Our development of three classification models stemming from generally similar training data, yielding three different performance outcomes, illustrates that modeling different phenotypic outcomes informed by in vivo data does not represent a one-size-fits-all approach, and emphasizes the necessity of validating ML performance against independent, real-world data. It should be noted that the models presented here are specific to data obtained in experimentally inoculated ferrets, and results cannot be directly extrapolated to phenotypic outcomes following IAV infection in a different laboratory model species (e.g., mice) or humans. That said, these models nonetheless provide a first step towards greater biological insight and understanding of contributing features to these outcomes that may be retained across scales, and offer immediate benefit towards refining existing ferret studies conducted for the purposes of IAV pandemic risk assessment. Collectively, this study supports that ML algorithms can extract meaningful information from previously conducted work in vivo and offers areas of future refinement to risk assessment studies employing in vivo-generated data, in line with other recent efforts in the field to incorporate novel analytical frameworks into risk assessment activities50. Furthermore, this work offers a framework to investigate additional experimental classification outcomes frequently captured in ferret studies (such as viral spread in respiratory tract tissues) and virological metadata (such as NA subtype and full protein sequences) not explicitly assessed here. Inclusion of metagenomic data from virus-infected animals51 represents an additional area for which use of ML algorithms have shown utility (when employing human specimens) in predicting clinical outcomes52 and could offer added benefit to existing laboratory workflows. As IAV continue to pose a persistent threat to public health, our work highlights that analysis approaches leveraging laboratory data generated for the purposes of risk assessment to improve pandemic risk assessment rubrics are needed and can provide meaningful benefit to the field.

Methods

Primary dataset

Male ferrets (Mustela putorius furo, Triple F Farms, Sayre, PA) were 5–12 months of age and serologically negative to circulating influenza A and B viruses prior to use. Animals were inoculated with 105 to 107 infectious units of IAV intranasally in a 1 ml volume (minimum n = 3 ferrets per virus), and housed inside a HEPA-filtered Duo-Flo BioClean mobile environmental enclosure (Lab Products) for the duration of each experiment. Daily temperature and weight measurements were collected from ferrets post-inoculation (p.i.) as previously described53; any animal that lost >25% preinoculation body weight or exhibited signs of neurological involvement was humanely euthanized. Nasal wash (NW) specimens were collected on alternate days p.i. from all ferrets starting day 1 p.i. (85% of all ferrets) or day 2 p.i. and immediately frozen at −80 °C until titration. Viral stock employed for animal inoculations were propagated, and specimen titrations were performed, in either 10–11 day old embryonated hen’s eggs to determine a 50% egg infectious dose (EID50) or MDCK cells to determine a plaque forming units titer (PFU) as specified in Supplemental Table 154. All viral titers are reported per milliliter and titration limits of detection were 101.5 EID50/ml or 10 PFU/ml. All animal work was approved by CDC’s Institutional Animal Care and Use Committee and conducted in an Association for Assessment and Accreditation of Laboratory Animal Care (AAALAC) International-accredited animal facility. Experiments were conducted at either BSL2 or BSL3 containment, including enhancements, as required by the U.S. Department of Agriculture and the Federal Select Agent Program55. We have complied with all relevant ethical regulations for animal use.

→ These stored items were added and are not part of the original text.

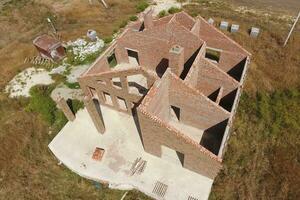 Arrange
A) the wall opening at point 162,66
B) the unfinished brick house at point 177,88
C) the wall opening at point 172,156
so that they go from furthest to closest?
the wall opening at point 162,66 → the wall opening at point 172,156 → the unfinished brick house at point 177,88

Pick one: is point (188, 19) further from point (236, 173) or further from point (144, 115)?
point (236, 173)

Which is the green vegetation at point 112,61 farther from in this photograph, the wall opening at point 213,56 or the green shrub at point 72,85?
the wall opening at point 213,56

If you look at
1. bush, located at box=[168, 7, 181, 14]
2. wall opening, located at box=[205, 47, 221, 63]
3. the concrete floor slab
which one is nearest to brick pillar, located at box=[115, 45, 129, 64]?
the concrete floor slab

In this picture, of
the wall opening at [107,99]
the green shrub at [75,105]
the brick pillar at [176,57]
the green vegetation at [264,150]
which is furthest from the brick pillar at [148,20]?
the green vegetation at [264,150]

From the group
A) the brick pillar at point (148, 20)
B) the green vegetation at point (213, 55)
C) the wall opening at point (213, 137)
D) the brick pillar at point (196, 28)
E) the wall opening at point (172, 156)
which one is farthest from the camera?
the green vegetation at point (213, 55)

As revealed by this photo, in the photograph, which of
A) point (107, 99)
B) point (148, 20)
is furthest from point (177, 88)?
point (148, 20)

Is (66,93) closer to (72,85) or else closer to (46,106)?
(72,85)

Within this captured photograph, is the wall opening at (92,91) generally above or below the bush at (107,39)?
below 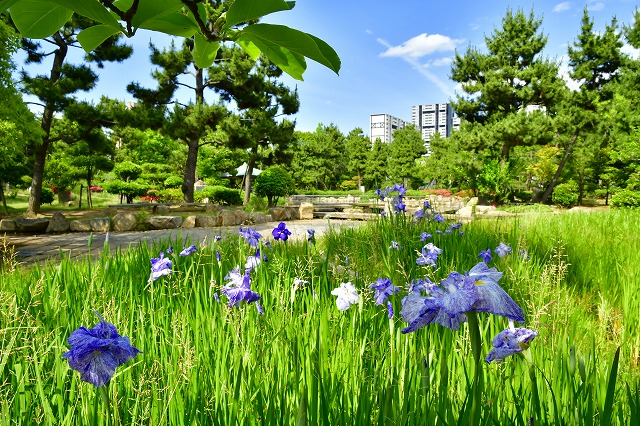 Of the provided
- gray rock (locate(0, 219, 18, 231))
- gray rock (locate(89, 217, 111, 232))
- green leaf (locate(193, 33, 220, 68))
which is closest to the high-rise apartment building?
gray rock (locate(89, 217, 111, 232))

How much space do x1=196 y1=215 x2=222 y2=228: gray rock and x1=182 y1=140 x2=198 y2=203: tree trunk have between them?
4883 millimetres

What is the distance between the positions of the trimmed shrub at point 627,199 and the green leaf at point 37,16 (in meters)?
14.9

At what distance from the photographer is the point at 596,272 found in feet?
10.2

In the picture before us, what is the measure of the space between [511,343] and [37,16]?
1134 millimetres

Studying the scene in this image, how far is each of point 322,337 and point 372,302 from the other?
0.53 meters

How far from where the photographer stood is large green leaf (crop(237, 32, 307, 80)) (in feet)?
1.91

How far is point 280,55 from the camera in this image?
26.0 inches

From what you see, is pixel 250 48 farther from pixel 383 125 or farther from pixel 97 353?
pixel 383 125

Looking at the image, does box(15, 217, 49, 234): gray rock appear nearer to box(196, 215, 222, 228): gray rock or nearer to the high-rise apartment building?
box(196, 215, 222, 228): gray rock

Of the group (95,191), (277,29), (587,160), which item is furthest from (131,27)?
(95,191)

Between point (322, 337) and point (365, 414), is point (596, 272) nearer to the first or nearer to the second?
point (322, 337)

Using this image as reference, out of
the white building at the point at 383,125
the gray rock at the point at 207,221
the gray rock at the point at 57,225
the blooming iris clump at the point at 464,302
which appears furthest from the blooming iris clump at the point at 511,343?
the white building at the point at 383,125

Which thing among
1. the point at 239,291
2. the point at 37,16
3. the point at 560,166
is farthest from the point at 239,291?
the point at 560,166

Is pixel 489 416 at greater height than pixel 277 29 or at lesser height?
lesser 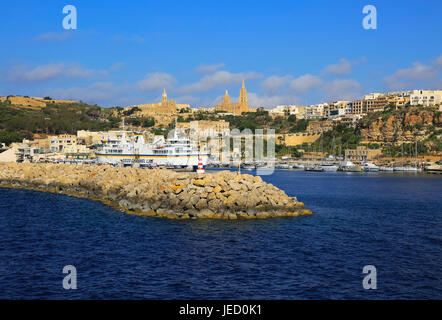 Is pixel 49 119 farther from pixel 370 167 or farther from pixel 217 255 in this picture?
pixel 217 255

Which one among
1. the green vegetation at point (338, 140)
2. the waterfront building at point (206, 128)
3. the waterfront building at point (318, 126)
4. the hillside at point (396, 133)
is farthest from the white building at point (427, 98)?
the waterfront building at point (206, 128)

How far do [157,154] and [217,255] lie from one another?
175 feet

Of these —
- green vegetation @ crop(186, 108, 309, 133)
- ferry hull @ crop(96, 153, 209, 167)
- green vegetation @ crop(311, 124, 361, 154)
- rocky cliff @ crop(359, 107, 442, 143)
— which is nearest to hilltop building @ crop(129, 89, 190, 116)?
green vegetation @ crop(186, 108, 309, 133)

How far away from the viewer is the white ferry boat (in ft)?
224

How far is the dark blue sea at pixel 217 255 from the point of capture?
13.0 m

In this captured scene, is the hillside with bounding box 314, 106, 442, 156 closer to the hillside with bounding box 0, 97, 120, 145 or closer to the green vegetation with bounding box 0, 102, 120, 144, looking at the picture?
the green vegetation with bounding box 0, 102, 120, 144

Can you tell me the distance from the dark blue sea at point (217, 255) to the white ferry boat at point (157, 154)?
40373mm

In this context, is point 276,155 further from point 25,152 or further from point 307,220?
point 307,220

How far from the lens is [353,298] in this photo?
1250 centimetres

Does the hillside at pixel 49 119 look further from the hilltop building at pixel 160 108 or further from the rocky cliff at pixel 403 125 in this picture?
the rocky cliff at pixel 403 125

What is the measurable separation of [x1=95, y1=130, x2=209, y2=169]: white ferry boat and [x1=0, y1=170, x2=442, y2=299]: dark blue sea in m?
40.4

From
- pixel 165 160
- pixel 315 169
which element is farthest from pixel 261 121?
pixel 165 160

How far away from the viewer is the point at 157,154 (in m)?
69.1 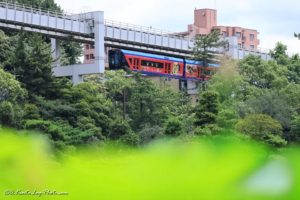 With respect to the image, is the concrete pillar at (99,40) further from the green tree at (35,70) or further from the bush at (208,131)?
the bush at (208,131)

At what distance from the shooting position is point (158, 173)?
0.88m

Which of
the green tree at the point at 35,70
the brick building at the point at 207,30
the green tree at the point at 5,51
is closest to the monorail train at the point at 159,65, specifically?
the green tree at the point at 5,51

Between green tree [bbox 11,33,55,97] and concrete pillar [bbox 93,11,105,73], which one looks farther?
concrete pillar [bbox 93,11,105,73]

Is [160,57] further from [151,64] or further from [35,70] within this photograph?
[35,70]

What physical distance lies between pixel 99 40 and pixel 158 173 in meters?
22.7

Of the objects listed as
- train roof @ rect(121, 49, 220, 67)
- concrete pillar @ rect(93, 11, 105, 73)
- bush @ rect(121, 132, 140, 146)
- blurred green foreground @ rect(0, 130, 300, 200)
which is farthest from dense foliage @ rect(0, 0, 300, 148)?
blurred green foreground @ rect(0, 130, 300, 200)

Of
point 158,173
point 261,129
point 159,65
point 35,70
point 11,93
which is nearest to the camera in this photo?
point 158,173

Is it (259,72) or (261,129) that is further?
(259,72)

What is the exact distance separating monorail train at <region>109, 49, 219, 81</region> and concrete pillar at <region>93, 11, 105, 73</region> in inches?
46.3

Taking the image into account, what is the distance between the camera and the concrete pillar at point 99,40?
23.2 metres

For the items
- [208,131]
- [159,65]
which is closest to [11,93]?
[208,131]

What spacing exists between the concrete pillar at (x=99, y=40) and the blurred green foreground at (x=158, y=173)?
22.3 metres

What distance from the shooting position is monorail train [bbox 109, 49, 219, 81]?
24.7 meters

Data were aggregated from experiments conducted over approximately 25 years and (with few exceptions) have been published previously (see Supplemental Table 1) and described17,42, with source data available at data.cdc.gov56. Maximum rise in temperature over preinoculation baseline (temperature range 37–40 °C) between days 1–5 p.i. (temp_5) or days 1-14 p.i. (temp) was reported as a rise in °C. Maximum weight loss below preinoculation baseline (reported as a normalized percentage of weight change), observed over the 14-day experimental period was determined for each animal42. Virus transmissibility of wild-type viruses by respiratory droplets was assessed using a strict 1:1 donor:contact ratio on a subset of viruses (96 out of 125, 76.8%) as described previously57, with successful transmission defined as both detection of infectious virus and seroconversion to homologous virus in contact animals. Additionally, viruses that exhibited 0% transmissibility in the presence of direct contact were identified as 0% transmissibility by respiratory droplets in this study. All viral titers in this study are presented as log10 titer, and all calculations were performed with the log10 of the measured virus titer and not the virus titer itself, in agreement with previous work58.

Host origin of each virus was identified as avian or mammalian (inclusive of human, swine, and canine) based on virus lineage, not species of isolation. Avian-origin viruses were identified as highly pathogenic avian influenza (HPAI) and possessing a multibasic amino acid (MBAA) HA cleavage site, or not (see Supplemental Table 1). In all ML datasets, HA and PB2 sequences were obtained from the Global Initiative on Sharing All Influenza Data (GISAID) or NCBI Influenza Virus Resource and HAs were aligned with A/Aichi/2/1968 (H3N2) HA sequence; viral stocks employed for ferret inoculation were routinely sequenced to confirm identity with consensus as is specified in study-specific references in Supplemental Table 1. 33 HA and 5 PB2 amino acids were selected due to known roles in host adaptation, receptor binding preference, and polymerase activity39,59. Predicted receptor binding profile was defined based on hemagglutinin (HA) amino acid residues as avian (190E, 225 G [H1 only], 226Q, 228 G [all other subtypes]), human (190D/N, 225D [H1 only], 226 L/V/I, 228 S [H2, H3 only]), or dual (190D/E/A, 225 G/D/N/E [H1 only], 226 L, 228 G [all other subtypes]), with few exceptions (see Supplemental Table 1). Predicted polymerase activity was defined based on polymerase basic 2 (PB2) amino acid residues as human origin (the presence of at least one of 590 S/591 R, 627 K, or 701 N) or avian origin (not meeting these criteria).

Ferrets (n = 717) were inoculated with an expansive panel of 125 influenza A viruses by standard high-dose intranasal administration, as previously described17 and specified in Supplemental Table 1. Animals were inoculated with H1 (n = 213 ferrets, 29.71%), H2 (51, 7.11%), H3 (123, 17.15%), H5 (156, 21.76%), H7 (149, 20.78%), and H9 (25, 3.48%) hemagglutinin subtype viruses. Strains in this study were inclusive of both avian (n = 378 ferrets, 52.72%) and mammalian (n = 339, 47.28%) origins and encapsulated viruses derived from wild bird surveillance, gallinaceous poultry outbreaks, and confirmed human infections; avian-origin viruses were classified as highly pathogenic avian influenza (HPAI) (n = 207 ferrets, 54.76%) or low pathogenicity (171, 45.24%). All ferrets in the study were productively infected with virus, as determined by the presence of infectious virus in serially collected nasal wash (NW) specimens. Animals were observed daily for 14 days post-inoculation unless they met criteria for humane euthanasia and did not survive the observation period (102 ferrets, 14.22%). Overview of the ML analysis workflow employed is presented in Fig. 1.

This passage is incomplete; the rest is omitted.